Running massive extracts at pre-defined times has a large impact on your entire infrastructure.

For example:

The source system is impacted as it has to serve the request.
The network is impacted as the bandwidth is inundated with the service of the request.
Overall integration jobs take longer to run because of the sheer volume of data that has to be processed.
A small blip or outage in your network at integration time has a major impact on your integration task.

Integration jobs do not have to be either batch or real time. Often times, they can be both. If the ultimate load must be a batch operation (because data is consolidated or aggregated for instance), the extraction and some pre-integration processes can be performed in a more real-time manner. This reduces the load on the overall infrastructure, and limits the impact should you face an outage when trying to access the source system at integration time. If the data has been extracted and prepared in a streaming manner, you do not need to access the source system when it is time for the final integration.

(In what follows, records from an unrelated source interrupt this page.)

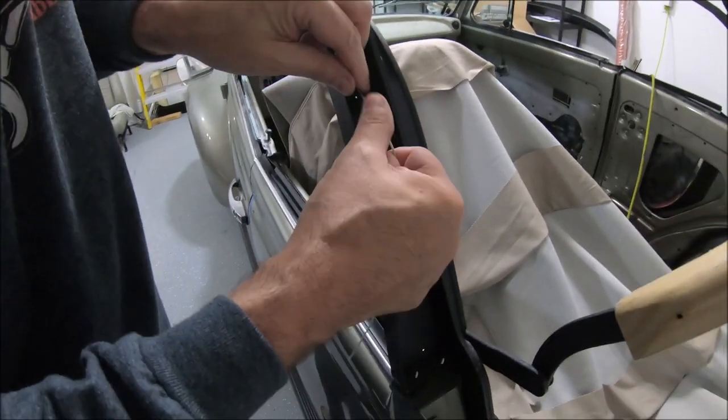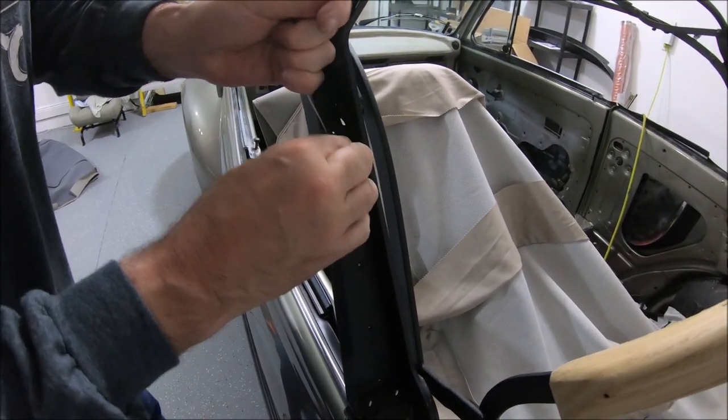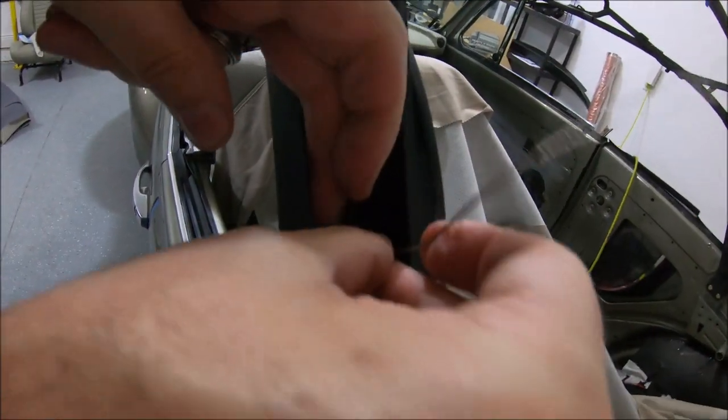We're going to go under this hook, make this snug. We'll go under this hook, pull up, and make a mark on the cable so we know where to crimp it.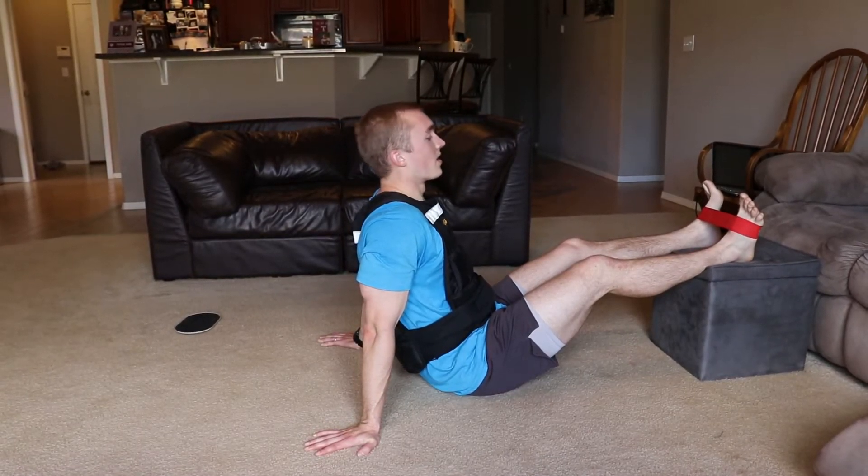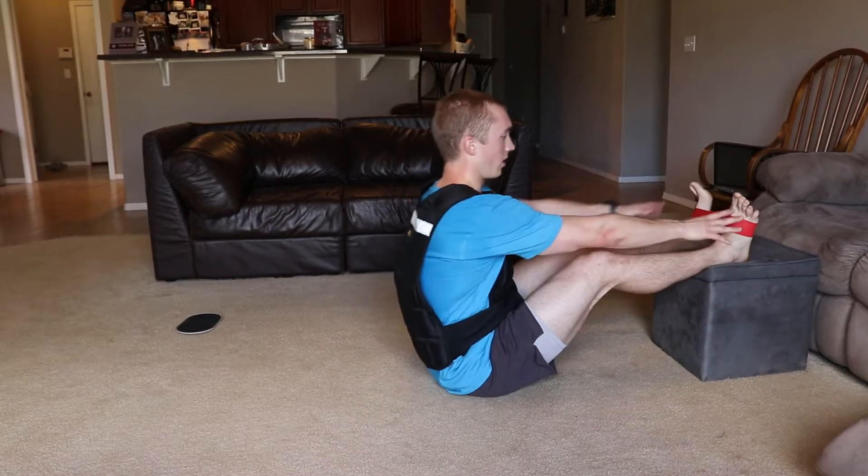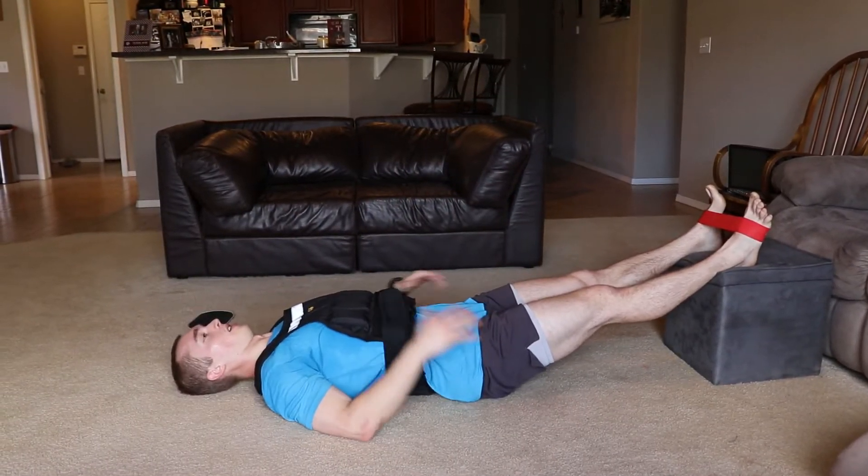Here I'm going to do feet elevated, straight leg, hip flexion with the band. Have a mini band around both feet, legs straight, all the way back, hands by your side.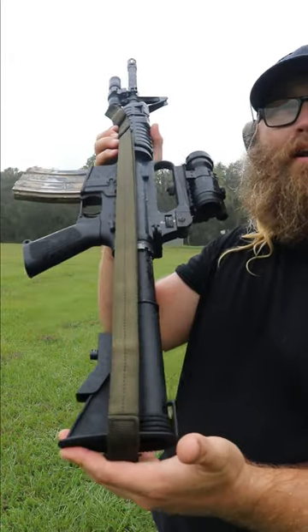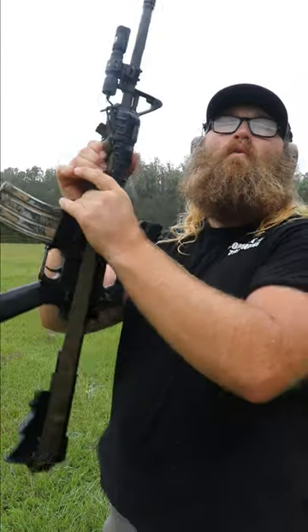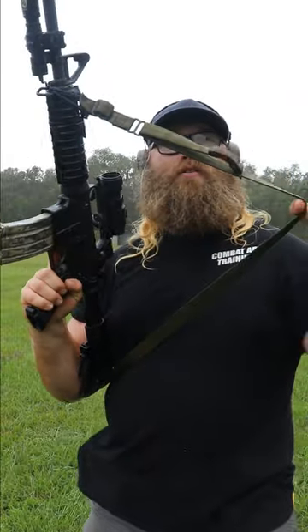This is a truck gun sling available at CombatArtraining.com. It's a very simple sling that stays tight to the gun when you have it in your vehicle. And then when you want it loose, you just grab that one handle, loosen it, throw it on, and you're ready to fight.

Oracle Data Integrator provides a number of tools that can be used in the construction of packages to detect that new data is available. See Use Event-Driven Tools for a list.

For integration with true real time replication, Oracle Data Integrator can create an infrastructure that will allow for the consumption of changes, leveraging the APIs mentioned above.

Choose Between Inserting and Merging Data

There are tradeoffs between an INSERT and a MERGE approach to data loading. Beyond the integration strategy, you may want to consider what happens when a load fails partially.

Depending how you are loading the data in your target system, differentiating what was properly loaded versus what failed, or identifying the elements of a partial load can be quite complex. Even though from a design perspective all you are doing is appending data in the target system, it can be useful from a recoverability perspective to consider the benefits of merging the incoming data with the data that is already in the target system.

If you are choosing this approach, you will want to double-check the impact this strategy has on the performance of your loads. But keep in mind that a fully optimized INSERT load that fails is not faster than a less efficient MERGE that succeeds.

From an Oracle Data Integrator perspective, changing from an INSERT strategy to a MERGE strategy is a very simple operation: you only have to change your integration strategy and select the appropriate Knowledge Module. This said, changing knowledge modules for a large number of mappings can be a daunting task. You can automate such a task by using the Oracle Data Integrator SDK.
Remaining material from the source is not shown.